The public cloud services market is forecast to grow 18.5pc in 2013 to reach US$131bn worldwide, up from US$111bn in 2012, according to Gartner.
Infrastructure as a service (IaaS), including cloud compute, storage and print services, continued as the fastest-growing segment of the market, growing 42.4pc in 2012 to US$6.1bn and expected to grow 47.3pc in 2013 to US$9bn.
Cloud advertising continues to be the largest segment of the cloud services market, comprising 48pc of the total market in 2012. Gartner predicts that from 2013 through 2016, US$677bn will be spent on cloud services worldwide, US$310bn of which will be spent on cloud advertising.
“The continued growth of the cloud services market will result from the adoption of cloud services for production systems and workloads, in addition to the development and testing scenarios that have led as the most prominent use case for public cloud services to date,” said Ed Anderson, research director at Gartner.

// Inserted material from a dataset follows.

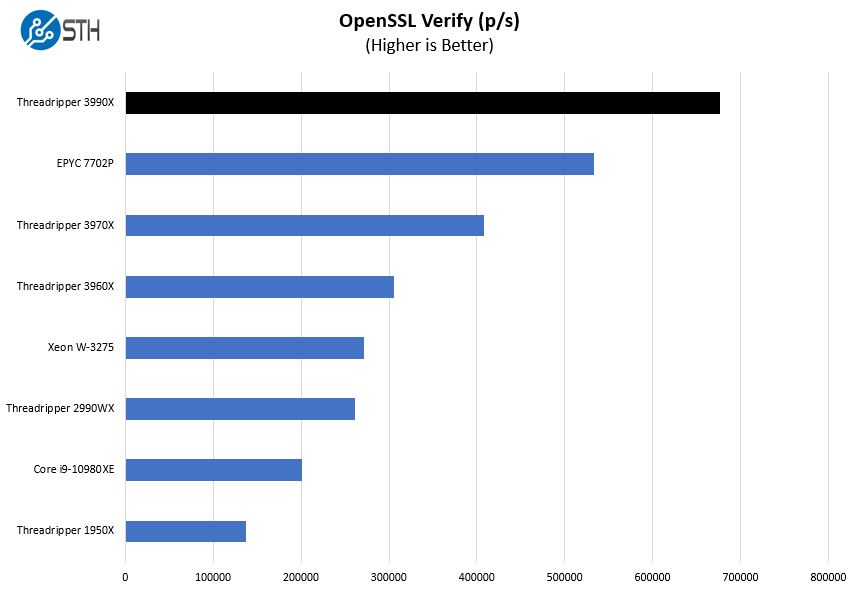 AMD Ryzen Threadripper 3990X OpenSSL Verify Benchmark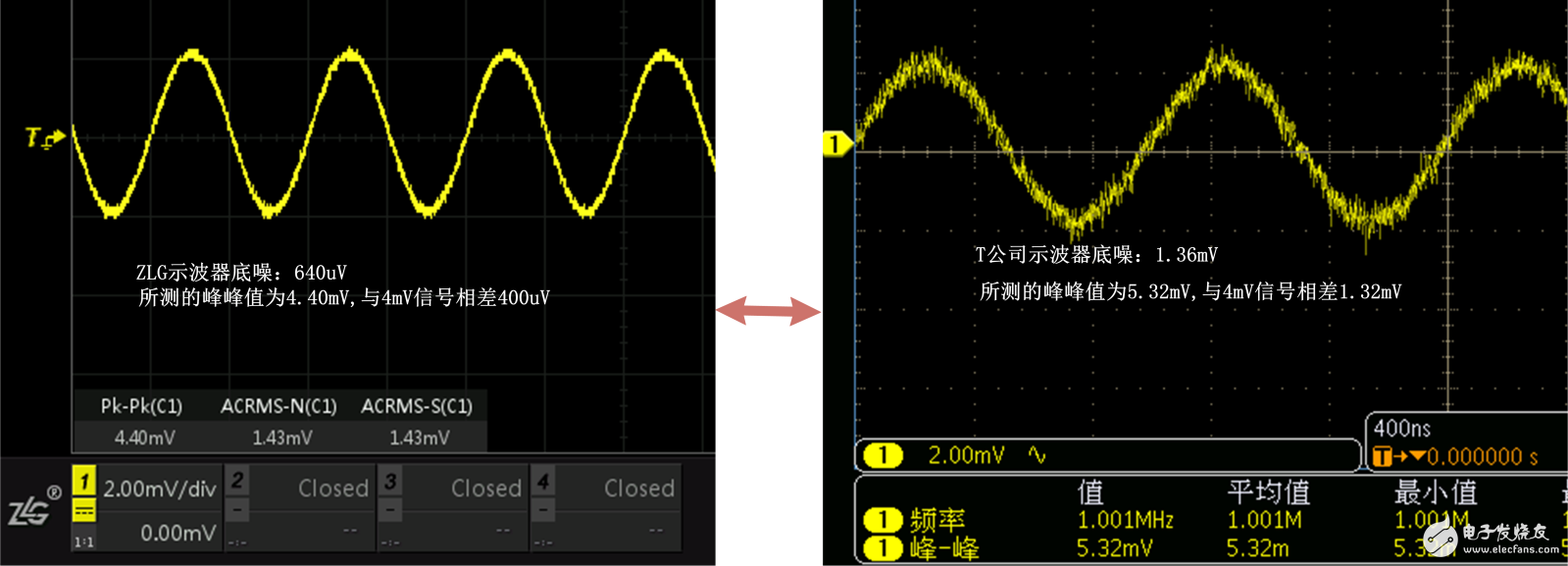 圖6 不同公司的示波器峰峰值測(cè)量對(duì)比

“Evidence of this growth is found in the increasing demand for cloud services from end-user organisations, met by an increased supply of cloud services from suppliers.”
Strong demand
Although there is wide variation between cloud services market subsegments, strong demand is anticipated for all types of cloud services offerings.
The cloud business process services segment (BPaaS) is the second-largest market segment after cloud advertising, comprising 28pc of the total market in 2012, followed by cloud application services (software as a service [SaaS]) at 14.7pc, cloud system infrastructure services (IaaS) at 5.5pc, cloud management and security services at 2.8pc, and cloud application infrastructure services (platform as a service [PaaS]) at 1pc.

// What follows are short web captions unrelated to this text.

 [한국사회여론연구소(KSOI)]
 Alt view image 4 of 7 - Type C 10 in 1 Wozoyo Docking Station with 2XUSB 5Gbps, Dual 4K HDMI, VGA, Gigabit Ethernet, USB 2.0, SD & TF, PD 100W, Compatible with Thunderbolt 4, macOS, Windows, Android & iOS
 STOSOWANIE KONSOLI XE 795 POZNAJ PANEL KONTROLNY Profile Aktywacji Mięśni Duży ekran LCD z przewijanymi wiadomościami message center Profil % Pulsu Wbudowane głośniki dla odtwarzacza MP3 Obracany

North America is the largest region in the cloud services market, accounting for 59pc of all new spending on cloud services from 2013 through 2016.

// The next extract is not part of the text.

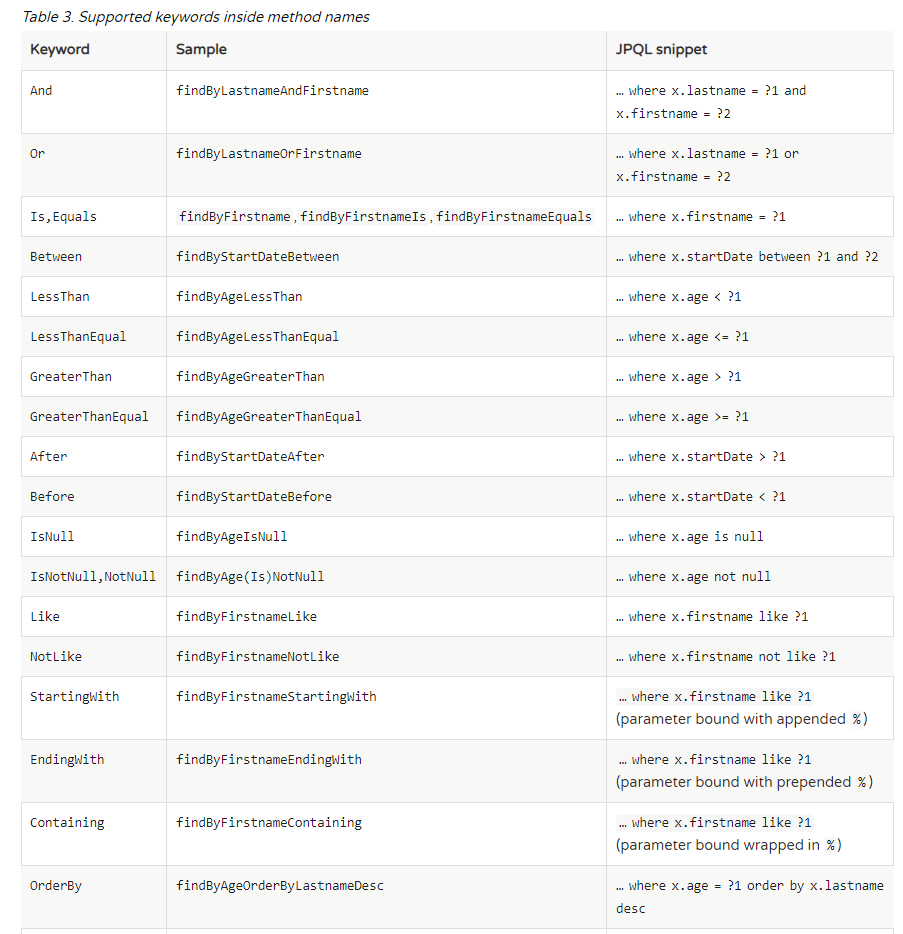 Spring Data JPA 关键字 Spring Data JPA 关键字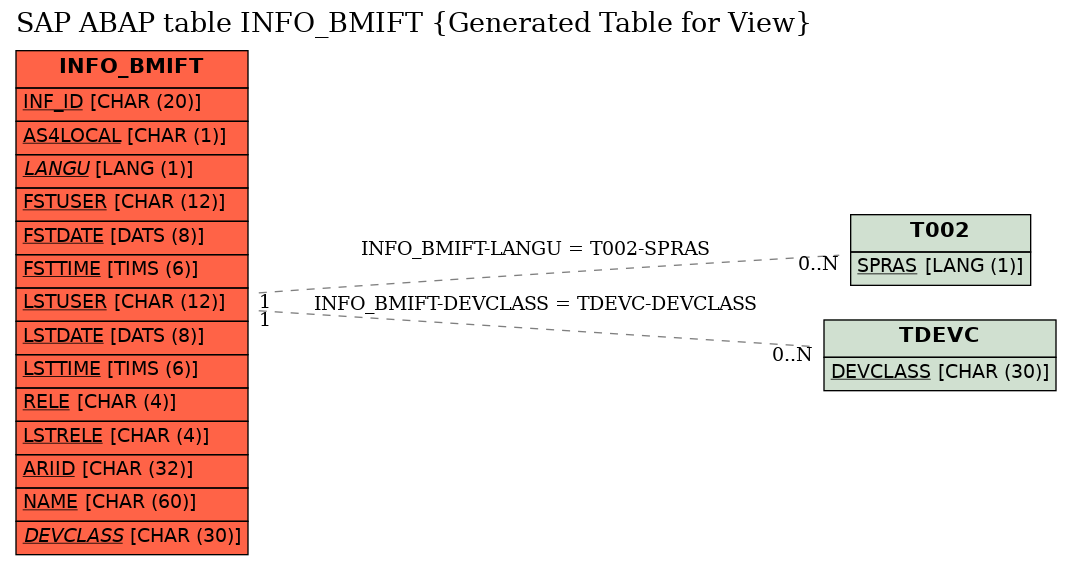 E-R Diagram for table INFO_BMIFT (Generated Table for View)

Western Europe, despite the growth challenges in the region, remains the second-largest region and will account for 24pc of all new spending during the same time period.
“Although forecast growth is generally high across all regions, the adoption of cloud services varies significantly by country. Providers should not assume that a generic strategy applied to specific countries or regions of the world will produce the same outcome when applied to other countries, even countries with similar market characteristics.
“Local economic factors, regulatory issues, the local political climate, the diverse landscape of global and local providers, including non-cloud providers, and other country-specific factors ensure a unique marketplace in each country and region,” Anderson said.